Company P/E P/B P/S ROE EBITDA (in billions) Gross Profit (in billions) Revenue Growth
Johnson & Johnson 30.68 5.59 4.80 5.78% $6.82 $14.6 7.3%
Eli Lilly and Co 131.40 67.23 20.17 19.91% $3.03 $7.57 28.1%
Novo Nordisk A/S 48.66 37.94 17.53 22.01% $28.51 $55.85 36.95%
Merck & Co Inc 882.14 8.32 5.23 -3.11% $-0.77 $10.72 5.78%
AstraZeneca PLC 34.91 5.27 4.53 2.52% $2.18 $9.72 7.29%
Novartis AG 24.56 4.41 4.52 19.99% $4.18 $8.75 7.39%
Pfizer Inc 73.57 1.73 2.63 -3.62% $-1.77 $6.69 -41.34%
Sanofi SA 20.49 1.49 2.38 -0.75% $0.42 $8.15 6.5%
Bristol-Myers Squibb Co 13.94 3.70 2.48 6.03% $4.45 $8.73 0.62%
GSK PLC 14.04 5.12 2.28 2.64% $1.16 $5.63 9.16%
Zoetis Inc 35.93 16.69 9.86 10.42% $0.83 $1.49 8.48%
Takeda Pharmaceutical Co Ltd 38.85 1.02 1.66 1.53% $314.89 $731.71 1.33%
Viatris Inc 245.20 0.71 0.96 -3.7% $-0.07 $1.6 -1.0%
Dr Reddy's Laboratories Ltd 20.23 3.94 3.89 5.29% $22.42 $42.2 6.57%
Jazz Pharmaceuticals PLC 19.27 1.96 2.21 2.61% $0.29 $0.9 4.1%
Average 114.51 11.4 5.74 5.84% $27.13 $64.27 5.71%

By conducting an in-depth analysis of Johnson & Johnson, we can identify the following trends:

  • At 30.68, the stock's Price to Earnings ratio is 0.27x less than the industry average, suggesting favorable growth potential.

  • With a Price to Book ratio of 5.59, significantly falling below the industry average by 0.49x, it suggests undervaluation and the possibility of untapped growth prospects.

  • With a relatively low Price to Sales ratio of 4.8, which is 0.84x the industry average, the stock might be considered undervalued based on sales performance.

  • The Return on Equity (ROE) of 5.78% is 0.06% below the industry average, suggesting potential inefficiency in utilizing equity to generate profits.

  • The Earnings Before Interest, Taxes, Depreciation, and Amortization (EBITDA) of $6.82 Billion is 0.25x below the industry average, suggesting potential lower profitability or financial challenges.

  • With lower gross profit of $14.6 Billion, which indicates 0.23x below the industry average, the company may experience lower revenue after accounting for production costs.

  • The company is experiencing remarkable revenue growth, with a rate of 7.3%, outperforming the industry average of 5.71%.

Debt To Equity Ratio

debt to equity

The debt-to-equity (D/E) ratio measures the financial leverage of a company by evaluating its debt relative to its equity.

Considering the debt-to-equity ratio in industry comparisons allows for a concise evaluation of a company's financial health and risk profile, aiding in informed decision-making.

In light of the Debt-to-Equity ratio, a comparison between Johnson & Johnson and its top 4 peers reveals the following information:

  • Johnson & Johnson has a stronger financial position compared to its top 4 peers, as evidenced by its lower debt-to-equity ratio of 0.43.

  • This suggests that the company has a more favorable balance between debt and equity, which can be perceived as a positive indicator by investors.

Key Takeaways

For Johnson & Johnson in the Pharmaceuticals industry, the PE, PB, and PS ratios are all low compared to its peers, indicating potential undervaluation.
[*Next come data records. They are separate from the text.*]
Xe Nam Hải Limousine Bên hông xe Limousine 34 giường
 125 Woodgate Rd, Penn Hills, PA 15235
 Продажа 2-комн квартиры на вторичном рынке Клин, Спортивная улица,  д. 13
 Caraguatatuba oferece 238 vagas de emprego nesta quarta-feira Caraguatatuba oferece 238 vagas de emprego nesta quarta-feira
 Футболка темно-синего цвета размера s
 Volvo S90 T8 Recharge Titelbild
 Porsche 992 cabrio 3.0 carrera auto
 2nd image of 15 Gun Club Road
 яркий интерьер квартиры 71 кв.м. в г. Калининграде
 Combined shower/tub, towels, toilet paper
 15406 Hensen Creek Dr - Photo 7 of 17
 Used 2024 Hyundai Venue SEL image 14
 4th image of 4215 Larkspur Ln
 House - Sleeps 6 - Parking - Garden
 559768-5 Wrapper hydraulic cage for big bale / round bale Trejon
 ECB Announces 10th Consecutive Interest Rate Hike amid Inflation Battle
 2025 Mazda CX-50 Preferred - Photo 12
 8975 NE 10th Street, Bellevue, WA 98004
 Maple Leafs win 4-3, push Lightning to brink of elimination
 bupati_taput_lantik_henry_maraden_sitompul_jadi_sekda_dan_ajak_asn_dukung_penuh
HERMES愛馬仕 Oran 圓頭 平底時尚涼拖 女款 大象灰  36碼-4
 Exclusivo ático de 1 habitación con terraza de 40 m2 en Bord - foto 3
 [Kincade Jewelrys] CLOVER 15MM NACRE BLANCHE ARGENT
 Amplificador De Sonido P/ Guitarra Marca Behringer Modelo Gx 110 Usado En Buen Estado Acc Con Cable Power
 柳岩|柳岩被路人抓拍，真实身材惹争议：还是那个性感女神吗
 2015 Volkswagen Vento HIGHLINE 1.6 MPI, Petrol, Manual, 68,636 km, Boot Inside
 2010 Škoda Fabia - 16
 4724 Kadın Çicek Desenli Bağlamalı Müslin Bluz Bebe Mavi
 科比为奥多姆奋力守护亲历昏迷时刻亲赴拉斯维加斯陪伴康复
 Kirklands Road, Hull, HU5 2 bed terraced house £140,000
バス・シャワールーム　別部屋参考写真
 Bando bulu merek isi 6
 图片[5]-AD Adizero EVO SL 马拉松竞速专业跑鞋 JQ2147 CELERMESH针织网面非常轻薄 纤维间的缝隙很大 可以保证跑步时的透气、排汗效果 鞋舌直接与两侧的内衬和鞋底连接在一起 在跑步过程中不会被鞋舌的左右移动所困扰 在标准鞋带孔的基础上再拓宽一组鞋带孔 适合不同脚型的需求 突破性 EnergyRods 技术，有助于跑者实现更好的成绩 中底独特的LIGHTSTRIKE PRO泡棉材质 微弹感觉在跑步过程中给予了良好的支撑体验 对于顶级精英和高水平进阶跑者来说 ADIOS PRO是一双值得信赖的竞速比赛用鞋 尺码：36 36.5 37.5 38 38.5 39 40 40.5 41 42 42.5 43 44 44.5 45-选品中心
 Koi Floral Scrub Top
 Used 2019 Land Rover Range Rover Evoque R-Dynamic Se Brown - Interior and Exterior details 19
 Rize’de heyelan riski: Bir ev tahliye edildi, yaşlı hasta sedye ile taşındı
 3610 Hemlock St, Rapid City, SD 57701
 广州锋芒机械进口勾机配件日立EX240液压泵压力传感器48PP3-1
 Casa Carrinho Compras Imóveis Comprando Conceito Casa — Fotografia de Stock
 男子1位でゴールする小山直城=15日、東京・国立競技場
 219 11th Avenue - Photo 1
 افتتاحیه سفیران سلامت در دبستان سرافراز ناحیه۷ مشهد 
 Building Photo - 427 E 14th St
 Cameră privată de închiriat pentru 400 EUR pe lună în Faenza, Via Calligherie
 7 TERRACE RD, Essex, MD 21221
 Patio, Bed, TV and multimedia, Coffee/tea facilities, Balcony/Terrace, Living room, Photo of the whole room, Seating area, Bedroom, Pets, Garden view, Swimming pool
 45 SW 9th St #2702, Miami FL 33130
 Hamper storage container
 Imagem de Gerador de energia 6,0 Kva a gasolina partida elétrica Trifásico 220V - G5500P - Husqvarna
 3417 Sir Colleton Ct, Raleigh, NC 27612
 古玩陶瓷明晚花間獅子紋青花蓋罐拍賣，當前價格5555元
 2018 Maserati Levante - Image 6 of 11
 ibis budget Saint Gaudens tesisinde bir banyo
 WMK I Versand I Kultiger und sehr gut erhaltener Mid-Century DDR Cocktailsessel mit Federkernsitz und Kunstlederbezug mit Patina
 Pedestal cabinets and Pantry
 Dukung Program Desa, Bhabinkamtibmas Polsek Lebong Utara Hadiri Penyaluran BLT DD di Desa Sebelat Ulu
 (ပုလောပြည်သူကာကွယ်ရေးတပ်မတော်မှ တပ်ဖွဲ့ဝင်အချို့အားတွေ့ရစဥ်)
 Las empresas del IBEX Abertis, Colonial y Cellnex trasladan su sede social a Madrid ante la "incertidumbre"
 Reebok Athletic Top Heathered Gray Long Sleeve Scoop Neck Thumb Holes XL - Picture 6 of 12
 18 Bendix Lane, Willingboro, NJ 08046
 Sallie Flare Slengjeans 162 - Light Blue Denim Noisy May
However, the low ROE, EBITDA, and gross profit suggest lower profitability levels. On the positive side, the high revenue growth rate stands out, showing strong potential for future performance compared to industry peers.

This article was generated by Benzinga's automated content engine and reviewed by an editor.